In [1]:
import os
import glob
import pandas as pd
import numpy as np

import bokeh.io
import bokeh.plotting

bokeh.io.output_notebook()

%load_ext blackcellmagic

In [15]:
def ecdf_vals(data):
    """Computes the ECDF for a one-dimensional NumPy array of data.
    Returns the x and y values for plotting a 'dot-style' ECDF."""
    
    # Sort the data array
    x = np.sort(data)
    
    # Compute ECDF
    y = (1 + np.arange(len(data))) / len(data)
    
    return x, y

# Exercise 7.5: Monte Carlo simulation of transcriptional pausing

In this exercise, we will put random number generation to use and do a Monte Carlo simulation. The term Monte Carlo simulation is a broad term describing techniques in which a large number of random numbers are generated to (approximately) calculate properties of probability distributions. In many cases the analytical form of these distributions is not known, so Monte Carlo methods are a great way to learn about them.

We seek the probability distribution of backtrack times, $P(t_{bt})$, where $t_{bt}$ is the time spent in the backtrack. We could solve this analytically, which requires some sophisticated mathematics. But, because we know how to draw random numbers, we can just compute this distribution directly using Monte Carlo simulation!

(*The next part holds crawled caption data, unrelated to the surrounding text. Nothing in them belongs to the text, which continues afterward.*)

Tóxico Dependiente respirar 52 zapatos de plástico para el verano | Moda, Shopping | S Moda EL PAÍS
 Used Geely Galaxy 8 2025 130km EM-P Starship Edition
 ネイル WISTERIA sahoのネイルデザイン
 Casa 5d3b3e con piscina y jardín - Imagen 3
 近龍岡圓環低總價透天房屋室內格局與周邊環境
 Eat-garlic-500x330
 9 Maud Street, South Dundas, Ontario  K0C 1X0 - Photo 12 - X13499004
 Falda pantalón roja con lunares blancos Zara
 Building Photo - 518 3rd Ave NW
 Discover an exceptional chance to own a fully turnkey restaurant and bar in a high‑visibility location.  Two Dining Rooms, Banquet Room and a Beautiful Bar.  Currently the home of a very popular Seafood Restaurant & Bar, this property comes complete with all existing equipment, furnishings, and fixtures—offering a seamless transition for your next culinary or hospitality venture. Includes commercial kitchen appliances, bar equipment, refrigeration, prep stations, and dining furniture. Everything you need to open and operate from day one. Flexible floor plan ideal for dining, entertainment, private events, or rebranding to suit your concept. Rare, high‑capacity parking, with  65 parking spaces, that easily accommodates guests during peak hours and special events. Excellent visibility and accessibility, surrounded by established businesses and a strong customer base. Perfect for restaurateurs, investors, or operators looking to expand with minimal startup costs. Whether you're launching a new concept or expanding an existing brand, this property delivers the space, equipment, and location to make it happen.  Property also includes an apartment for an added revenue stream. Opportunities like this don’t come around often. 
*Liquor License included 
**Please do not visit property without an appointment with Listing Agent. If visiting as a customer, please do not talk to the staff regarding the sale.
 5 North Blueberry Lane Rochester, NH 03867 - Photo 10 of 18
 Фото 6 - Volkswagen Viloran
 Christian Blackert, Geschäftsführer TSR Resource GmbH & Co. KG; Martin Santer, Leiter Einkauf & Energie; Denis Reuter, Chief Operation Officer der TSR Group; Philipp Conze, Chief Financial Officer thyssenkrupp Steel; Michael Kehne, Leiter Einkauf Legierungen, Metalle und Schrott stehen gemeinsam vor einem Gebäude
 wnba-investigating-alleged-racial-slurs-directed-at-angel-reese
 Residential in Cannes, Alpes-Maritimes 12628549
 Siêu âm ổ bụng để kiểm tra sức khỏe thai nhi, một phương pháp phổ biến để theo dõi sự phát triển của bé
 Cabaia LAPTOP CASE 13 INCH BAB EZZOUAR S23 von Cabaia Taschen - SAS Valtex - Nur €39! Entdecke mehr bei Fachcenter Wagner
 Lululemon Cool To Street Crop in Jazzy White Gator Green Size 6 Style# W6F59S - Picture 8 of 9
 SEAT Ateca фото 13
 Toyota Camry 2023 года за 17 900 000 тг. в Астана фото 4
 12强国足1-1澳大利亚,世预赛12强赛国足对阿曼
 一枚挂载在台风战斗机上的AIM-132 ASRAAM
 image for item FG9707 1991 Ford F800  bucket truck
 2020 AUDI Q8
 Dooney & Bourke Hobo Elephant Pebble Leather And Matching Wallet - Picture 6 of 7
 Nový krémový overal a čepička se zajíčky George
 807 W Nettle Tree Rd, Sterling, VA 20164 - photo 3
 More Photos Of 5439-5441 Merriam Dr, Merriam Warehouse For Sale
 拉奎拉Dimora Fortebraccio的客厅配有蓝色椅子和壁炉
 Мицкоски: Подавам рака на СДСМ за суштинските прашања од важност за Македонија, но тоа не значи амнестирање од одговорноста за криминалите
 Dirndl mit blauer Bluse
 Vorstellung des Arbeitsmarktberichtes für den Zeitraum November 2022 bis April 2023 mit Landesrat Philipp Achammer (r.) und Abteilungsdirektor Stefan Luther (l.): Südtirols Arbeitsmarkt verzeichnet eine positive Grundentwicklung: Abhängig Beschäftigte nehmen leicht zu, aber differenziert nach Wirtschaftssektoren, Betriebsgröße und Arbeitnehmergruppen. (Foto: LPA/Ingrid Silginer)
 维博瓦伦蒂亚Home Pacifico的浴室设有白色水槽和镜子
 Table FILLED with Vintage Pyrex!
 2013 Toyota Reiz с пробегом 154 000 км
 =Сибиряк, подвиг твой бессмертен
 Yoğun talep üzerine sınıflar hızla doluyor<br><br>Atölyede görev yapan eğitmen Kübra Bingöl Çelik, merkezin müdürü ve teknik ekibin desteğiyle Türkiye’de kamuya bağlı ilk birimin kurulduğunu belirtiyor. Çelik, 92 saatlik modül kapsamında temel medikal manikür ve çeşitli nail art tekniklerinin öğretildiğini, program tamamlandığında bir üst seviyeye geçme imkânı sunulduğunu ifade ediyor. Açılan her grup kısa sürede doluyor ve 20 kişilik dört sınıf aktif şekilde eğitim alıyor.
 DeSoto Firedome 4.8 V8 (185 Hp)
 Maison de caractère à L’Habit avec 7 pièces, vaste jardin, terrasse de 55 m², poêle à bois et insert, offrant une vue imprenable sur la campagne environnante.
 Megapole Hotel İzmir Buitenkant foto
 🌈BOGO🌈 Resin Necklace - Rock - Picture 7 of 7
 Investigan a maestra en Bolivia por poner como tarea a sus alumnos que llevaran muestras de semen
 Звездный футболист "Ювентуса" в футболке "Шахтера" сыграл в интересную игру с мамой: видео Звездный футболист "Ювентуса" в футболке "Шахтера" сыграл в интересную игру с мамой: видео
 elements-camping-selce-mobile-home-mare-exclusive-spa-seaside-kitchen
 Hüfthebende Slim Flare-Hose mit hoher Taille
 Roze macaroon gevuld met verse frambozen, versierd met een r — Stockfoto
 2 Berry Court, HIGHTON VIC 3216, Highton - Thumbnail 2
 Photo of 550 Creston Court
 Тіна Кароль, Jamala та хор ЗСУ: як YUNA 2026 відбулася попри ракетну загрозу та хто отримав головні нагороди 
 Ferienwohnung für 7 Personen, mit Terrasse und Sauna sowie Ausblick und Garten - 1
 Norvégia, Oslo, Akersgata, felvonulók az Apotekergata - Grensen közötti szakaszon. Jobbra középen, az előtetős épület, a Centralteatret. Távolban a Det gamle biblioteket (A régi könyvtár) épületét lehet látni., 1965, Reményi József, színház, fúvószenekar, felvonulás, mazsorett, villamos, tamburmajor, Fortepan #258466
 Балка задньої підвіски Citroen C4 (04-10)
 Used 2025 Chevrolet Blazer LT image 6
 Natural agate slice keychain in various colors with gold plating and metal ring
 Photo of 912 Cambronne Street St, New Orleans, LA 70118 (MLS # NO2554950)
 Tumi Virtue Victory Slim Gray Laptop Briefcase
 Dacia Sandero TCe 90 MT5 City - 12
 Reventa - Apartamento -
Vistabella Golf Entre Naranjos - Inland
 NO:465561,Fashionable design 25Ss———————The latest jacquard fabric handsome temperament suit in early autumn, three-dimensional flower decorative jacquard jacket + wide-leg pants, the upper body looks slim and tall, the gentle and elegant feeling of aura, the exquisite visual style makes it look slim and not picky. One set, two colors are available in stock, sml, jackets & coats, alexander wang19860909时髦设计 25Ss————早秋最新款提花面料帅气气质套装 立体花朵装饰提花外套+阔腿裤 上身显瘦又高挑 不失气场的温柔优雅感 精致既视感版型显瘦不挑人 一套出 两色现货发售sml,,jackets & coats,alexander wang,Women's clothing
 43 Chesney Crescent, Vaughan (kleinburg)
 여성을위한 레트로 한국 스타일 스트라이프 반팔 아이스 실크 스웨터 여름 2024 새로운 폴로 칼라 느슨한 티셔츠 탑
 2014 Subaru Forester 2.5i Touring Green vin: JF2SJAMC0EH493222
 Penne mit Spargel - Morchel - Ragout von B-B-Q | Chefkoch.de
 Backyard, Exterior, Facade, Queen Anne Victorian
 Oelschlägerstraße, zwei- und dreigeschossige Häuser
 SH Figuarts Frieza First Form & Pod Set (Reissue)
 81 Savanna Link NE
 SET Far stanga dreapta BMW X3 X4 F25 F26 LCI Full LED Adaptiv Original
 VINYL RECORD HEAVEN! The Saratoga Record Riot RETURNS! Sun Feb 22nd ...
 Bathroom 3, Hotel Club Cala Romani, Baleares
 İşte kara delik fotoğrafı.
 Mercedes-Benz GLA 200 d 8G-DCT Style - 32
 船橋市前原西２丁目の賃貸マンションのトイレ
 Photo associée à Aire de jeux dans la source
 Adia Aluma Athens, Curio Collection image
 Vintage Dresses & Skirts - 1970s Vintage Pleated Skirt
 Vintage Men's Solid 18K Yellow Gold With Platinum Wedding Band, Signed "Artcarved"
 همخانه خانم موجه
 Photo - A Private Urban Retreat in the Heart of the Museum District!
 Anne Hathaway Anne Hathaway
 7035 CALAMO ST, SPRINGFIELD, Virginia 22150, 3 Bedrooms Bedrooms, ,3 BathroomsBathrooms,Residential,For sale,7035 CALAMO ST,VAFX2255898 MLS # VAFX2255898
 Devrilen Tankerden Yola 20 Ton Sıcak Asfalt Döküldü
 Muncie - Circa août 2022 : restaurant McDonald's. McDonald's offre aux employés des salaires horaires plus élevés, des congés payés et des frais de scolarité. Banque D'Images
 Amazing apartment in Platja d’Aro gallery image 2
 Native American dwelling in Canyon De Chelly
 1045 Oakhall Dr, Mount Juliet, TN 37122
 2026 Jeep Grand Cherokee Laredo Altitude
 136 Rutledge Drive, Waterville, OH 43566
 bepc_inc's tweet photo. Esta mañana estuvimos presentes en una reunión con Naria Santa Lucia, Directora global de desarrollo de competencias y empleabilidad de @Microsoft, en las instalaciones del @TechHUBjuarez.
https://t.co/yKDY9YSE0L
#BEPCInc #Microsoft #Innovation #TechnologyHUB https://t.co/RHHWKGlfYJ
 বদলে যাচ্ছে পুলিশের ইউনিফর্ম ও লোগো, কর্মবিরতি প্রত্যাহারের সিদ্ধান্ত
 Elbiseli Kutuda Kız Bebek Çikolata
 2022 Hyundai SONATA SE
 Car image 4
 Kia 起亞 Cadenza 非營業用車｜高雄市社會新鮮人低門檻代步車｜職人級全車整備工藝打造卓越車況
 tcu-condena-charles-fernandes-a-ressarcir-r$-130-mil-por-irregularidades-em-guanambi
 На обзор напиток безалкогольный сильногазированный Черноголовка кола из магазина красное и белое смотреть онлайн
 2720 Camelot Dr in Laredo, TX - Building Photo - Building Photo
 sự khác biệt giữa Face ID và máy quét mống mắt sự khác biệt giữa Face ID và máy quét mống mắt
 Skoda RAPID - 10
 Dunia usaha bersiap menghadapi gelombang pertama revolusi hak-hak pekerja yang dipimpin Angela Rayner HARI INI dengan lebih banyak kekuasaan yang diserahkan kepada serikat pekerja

We start at $x = 0$ at time $t = 0$. We “flip a coin,” or choose a random number to decide whether we step left or right. We do this again and again, keeping track of how many steps we take and what the $x$ position is. As soon as $x$ becomes positive, we have exited the backtrack. The total time for a backtrack is then $\tau n_{\textrm{steps}}$, where $\tau$ is the time it takes to make a step. Depken, et al., report that $\tau ≈ 0.5$ seconds.

a) Write a function, `backtrack_steps()`, that computes the number of steps it takes for a random walker (i.e., polymerase) starting at position $x=0$ to get to position $x=+1$. It should return the number of steps to take the walk.

In [53]:
import numba

@numba.njit

def backtrack_steps():
    """Computes the number of steps it takes for a 1D random walker starting
    at position x = 0 to get to position x = +1.
    
    Returns the number of steps to take the walk."""
    
    x = 0
    steps = 0
    
    while x != 1:
        x += 2 * np.random.randint(0, 2) - 1
        steps += 1
        
    return steps

b) Generate 10,000 of these backtracks in order to get enough samples out of $P(t_{\textrm{bt}})$. Some of these samples may take a very long time to acquire. (If you are interested in a way to really speed up this calculation, ask me about Numba. If you do use Numba, note that you must use the standard Mersenne Twister RNG for Numba; that is using `np.random.....`)

In [60]:
import tqdm

num_samps = 10000

array_backtracks = [backtrack_steps() for i in tqdm.tqdm(range(0, num_samps))]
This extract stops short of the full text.